Homophobia and Transphobia in Sport – Results of the first EU-wide survey
Homophobia and Transphobia in Sport – Results of the first EU-wide survey based on direct experiences of LGBTI people published today
More than 5,500 lesbian, gay, bisexual, transgender and intersex (LGBTI) people from all 28 EU countries completed the online survey created by the Institute of Sociology and Gender Studies of the German Sport University Cologne within the framework of the Erasmus + Outsport project.

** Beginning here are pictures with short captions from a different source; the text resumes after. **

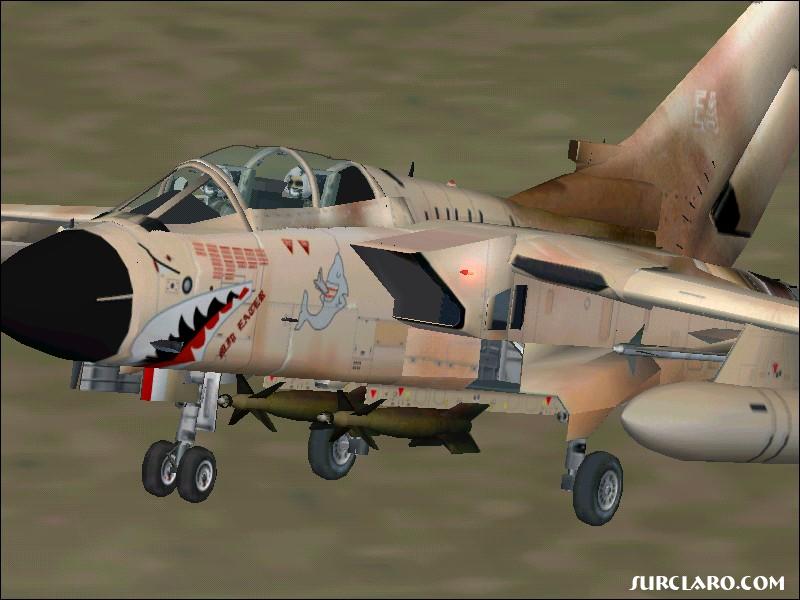 Tornado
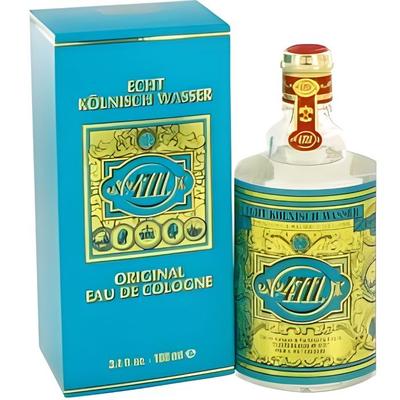 4711 Eau de Cologne 100ml
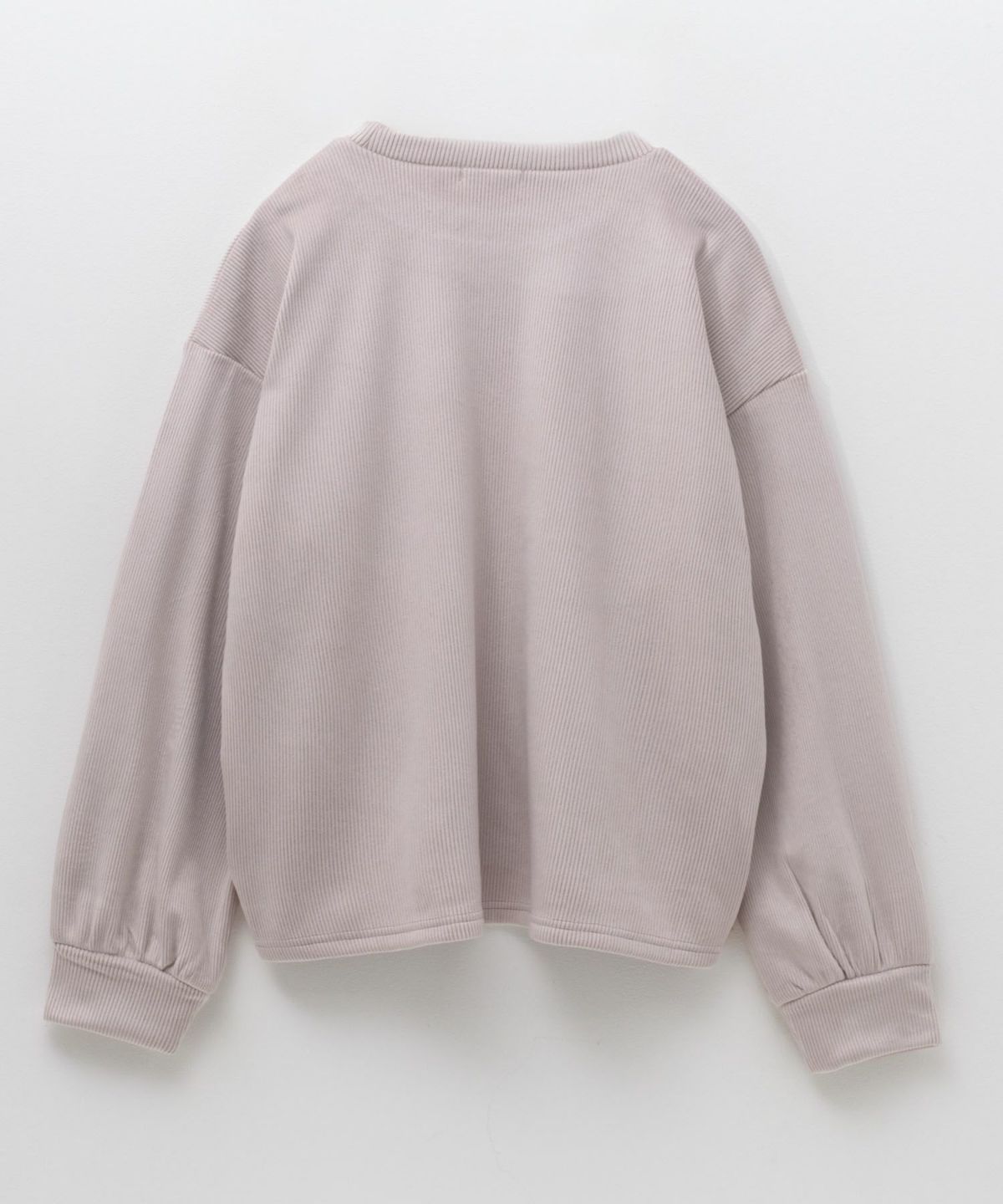 Howdy Marie カットコールプルオーバー レディース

The age of the participants is between 16 and 78 years and 27 years on average.
The complete report – which can now be accessed on our website, out-sport.eu – contains the aggregated data results at EU level and highlights the differences with regard to sexual orientation and gender identity and between the five project countries Italy, Germany, Scotland, Hungary and Austria, offering a rich and wide perspective of anti-LGBTI attitudes in sport and in different sport disciplines and environments, as lived and perceived by LGBTI people.
“We are proud of this work and we are sure that the results are fundamental for policies to combat anti-LGBTI attitudes in sport both at European and national level” says Rosario Coco, Outsport coordinator.
Some of the key results of the study are:
Almost 90% consider homophobia and particularly transphobia in sport a current problem.
20% refrain from participating in a sport of interest due to their sexual orientation and/or gender identity. This is most frequently the case for trans people (54%) and refers predominantly to football/soccer, dancing, swimming, and boxing.
One third of respondents who are active in sports have not reveled their sexual orientation or gender identity respectively to anybody in the sporting environment. This percentage is higher in Italy (41%) and Hungary (45%).
16% of respondents who are currently active in any sports have had at least one negative personal experience in the last 12 months that was related to their sexual orientation or gender identity. The share is higher among trans people – especially among trans women (46%).
Of those with negative experiences, verbal insults (82%) and structural discrimination (i.e. unequal opportunities) (75%) are the most common forms of homo-/transphobic incidents that were indicated. Verbal threats (44%), e-bullying (40%), physically “crossing the line” (i.e. being shoved and/or pushed) (36%) and physical violence (20%) are also common experiences.
More than a third of respondents do not know an organisation or individual to contact in instances of being discriminated against in a sports context.
The three actions that are most often supposed by respondents to be helpful to tackle homo-/transphobic discrimination in the field of sport: (a) famous sports stars coming out, (b) high profile anti-homophobia/transphobia campaigns and (c) diversity trainings.
Based on these survey findings, umbrella sport organisations and sport federations are currently being interviewed about their strategies in tackling homo-/transphobic discrimination in the field of sport. The results of this substudy will be published on the 8th of November 2019 at the final Outsport Conference in Budapest.